- [Task brief]
Give the data again, word for word.
[Exercise input Boundary: Start]
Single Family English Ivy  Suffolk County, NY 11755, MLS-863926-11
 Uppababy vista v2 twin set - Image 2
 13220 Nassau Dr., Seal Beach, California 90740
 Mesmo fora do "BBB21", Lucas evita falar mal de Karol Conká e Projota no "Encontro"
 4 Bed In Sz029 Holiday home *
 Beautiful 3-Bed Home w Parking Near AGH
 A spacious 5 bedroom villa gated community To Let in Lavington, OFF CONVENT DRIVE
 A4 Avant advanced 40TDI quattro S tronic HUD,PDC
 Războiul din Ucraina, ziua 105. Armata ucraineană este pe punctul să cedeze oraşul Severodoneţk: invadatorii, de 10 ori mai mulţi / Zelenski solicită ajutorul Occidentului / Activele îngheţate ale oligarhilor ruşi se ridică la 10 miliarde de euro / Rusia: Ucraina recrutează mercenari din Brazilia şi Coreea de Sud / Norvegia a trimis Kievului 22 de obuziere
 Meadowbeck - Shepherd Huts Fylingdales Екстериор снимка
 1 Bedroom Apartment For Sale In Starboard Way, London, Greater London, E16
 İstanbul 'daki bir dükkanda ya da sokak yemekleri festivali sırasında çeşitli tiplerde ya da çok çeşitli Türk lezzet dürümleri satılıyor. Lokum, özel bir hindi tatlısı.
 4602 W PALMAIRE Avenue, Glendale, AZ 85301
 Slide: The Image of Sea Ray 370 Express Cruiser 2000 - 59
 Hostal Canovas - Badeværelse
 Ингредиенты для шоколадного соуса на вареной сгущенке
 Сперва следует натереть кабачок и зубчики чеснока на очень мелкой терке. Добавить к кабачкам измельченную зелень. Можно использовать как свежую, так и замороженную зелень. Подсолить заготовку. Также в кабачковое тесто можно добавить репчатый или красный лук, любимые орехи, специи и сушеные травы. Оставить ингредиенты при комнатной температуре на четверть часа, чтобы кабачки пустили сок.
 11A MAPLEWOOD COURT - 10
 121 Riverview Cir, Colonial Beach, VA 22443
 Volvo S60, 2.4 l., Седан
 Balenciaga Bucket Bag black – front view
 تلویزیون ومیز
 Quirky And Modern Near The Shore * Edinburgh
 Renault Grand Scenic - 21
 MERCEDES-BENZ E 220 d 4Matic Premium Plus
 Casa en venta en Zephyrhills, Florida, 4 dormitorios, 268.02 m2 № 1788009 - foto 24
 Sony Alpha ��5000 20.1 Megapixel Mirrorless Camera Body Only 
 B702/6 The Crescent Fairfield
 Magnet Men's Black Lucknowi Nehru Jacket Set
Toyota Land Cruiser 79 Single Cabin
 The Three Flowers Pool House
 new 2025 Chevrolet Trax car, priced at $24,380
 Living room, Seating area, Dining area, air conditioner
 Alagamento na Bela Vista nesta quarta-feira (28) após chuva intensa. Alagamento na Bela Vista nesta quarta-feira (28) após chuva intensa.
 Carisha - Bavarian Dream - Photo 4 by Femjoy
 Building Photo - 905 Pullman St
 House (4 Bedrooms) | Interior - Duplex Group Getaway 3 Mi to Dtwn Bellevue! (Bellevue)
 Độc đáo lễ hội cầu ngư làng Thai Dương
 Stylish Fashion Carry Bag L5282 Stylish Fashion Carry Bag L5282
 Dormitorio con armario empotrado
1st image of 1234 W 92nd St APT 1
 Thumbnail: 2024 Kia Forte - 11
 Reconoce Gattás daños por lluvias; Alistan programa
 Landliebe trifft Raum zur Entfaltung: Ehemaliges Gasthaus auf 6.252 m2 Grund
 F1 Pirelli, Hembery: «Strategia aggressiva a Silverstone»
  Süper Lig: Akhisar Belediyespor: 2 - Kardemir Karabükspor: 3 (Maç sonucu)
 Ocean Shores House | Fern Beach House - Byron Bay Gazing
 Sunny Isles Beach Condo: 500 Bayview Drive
[Exercise input Boundary: End]
- [Written answer]
Single Family English Ivy  Suffolk County, NY 11755, MLS-863926-11
 Uppababy vista v2 twin set - Image 2
 13220 Nassau Dr., Seal Beach, California 90740
 Mesmo fora do "BBB21", Lucas evita falar mal de Karol Conká e Projota no "Encontro"
 4 Bed In Sz029 Holiday home *
 Beautiful 3-Bed Home w Parking Near AGH
 A spacious 5 bedroom villa gated community To Let in Lavington, OFF CONVENT DRIVE
 A4 Avant advanced 40TDI quattro S tronic HUD,PDC
 Războiul din Ucraina, ziua 105. Armata ucraineană este pe punctul să cedeze oraşul Severodoneţk: invadatorii, de 10 ori mai mulţi / Zelenski solicită ajutorul Occidentului / Activele îngheţate ale oligarhilor ruşi se ridică la 10 miliarde de euro / Rusia: Ucraina recrutează mercenari din Brazilia şi Coreea de Sud / Norvegia a trimis Kievului 22 de obuziere
 Meadowbeck - Shepherd Huts Fylingdales Екстериор снимка
 1 Bedroom Apartment For Sale In Starboard Way, London, Greater London, E16
 İstanbul 'daki bir dükkanda ya da sokak yemekleri festivali sırasında çeşitli tiplerde ya da çok çeşitli Türk lezzet dürümleri satılıyor. Lokum, özel bir hindi tatlısı.
 4602 W PALMAIRE Avenue, Glendale, AZ 85301
 Slide: The Image of Sea Ray 370 Express Cruiser 2000 - 59
 Hostal Canovas - Badeværelse
 Ингредиенты для шоколадного соуса на вареной сгущенке
 Сперва следует натереть кабачок и зубчики чеснока на очень мелкой терке. Добавить к кабачкам измельченную зелень. Можно использовать как свежую, так и замороженную зелень. Подсолить заготовку. Также в кабачковое тесто можно добавить репчатый или красный лук, любимые орехи, специи и сушеные травы. Оставить ингредиенты при комнатной температуре на четверть часа, чтобы кабачки пустили сок.
 11A MAPLEWOOD COURT - 10
 121 Riverview Cir, Colonial Beach, VA 22443
 Volvo S60, 2.4 l., Седан
 Balenciaga Bucket Bag black – front view
 تلویزیون ومیز
 Quirky And Modern Near The Shore * Edinburgh
 Renault Grand Scenic - 21
 MERCEDES-BENZ E 220 d 4Matic Premium Plus
 Casa en venta en Zephyrhills, Florida, 4 dormitorios, 268.02 m2 № 1788009 - foto 24
 Sony Alpha ��5000 20.1 Megapixel Mirrorless Camera Body Only 
 B702/6 The Crescent Fairfield
 Magnet Men's Black Lucknowi Nehru Jacket Set
Toyota Land Cruiser 79 Single Cabin
 The Three Flowers Pool House
 new 2025 Chevrolet Trax car, priced at $24,380
 Living room, Seating area, Dining area, air conditioner
 Alagamento na Bela Vista nesta quarta-feira (28) após chuva intensa. Alagamento na Bela Vista nesta quarta-feira (28) após chuva intensa.
 Carisha - Bavarian Dream - Photo 4 by Femjoy
 Building Photo - 905 Pullman St
 House (4 Bedrooms) | Interior - Duplex Group Getaway 3 Mi to Dtwn Bellevue! (Bellevue)
 Độc đáo lễ hội cầu ngư làng Thai Dương
 Stylish Fashion Carry Bag L5282 Stylish Fashion Carry Bag L5282
 Dormitorio con armario empotrado
1st image of 1234 W 92nd St APT 1
 Thumbnail: 2024 Kia Forte - 11
 Reconoce Gattás daños por lluvias; Alistan programa
 Landliebe trifft Raum zur Entfaltung: Ehemaliges Gasthaus auf 6.252 m2 Grund
 F1 Pirelli, Hembery: «Strategia aggressiva a Silverstone»
  Süper Lig: Akhisar Belediyespor: 2 - Kardemir Karabükspor: 3 (Maç sonucu)
 Ocean Shores House | Fern Beach House - Byron Bay Gazing
 Sunny Isles Beach Condo: 500 Bayview Drive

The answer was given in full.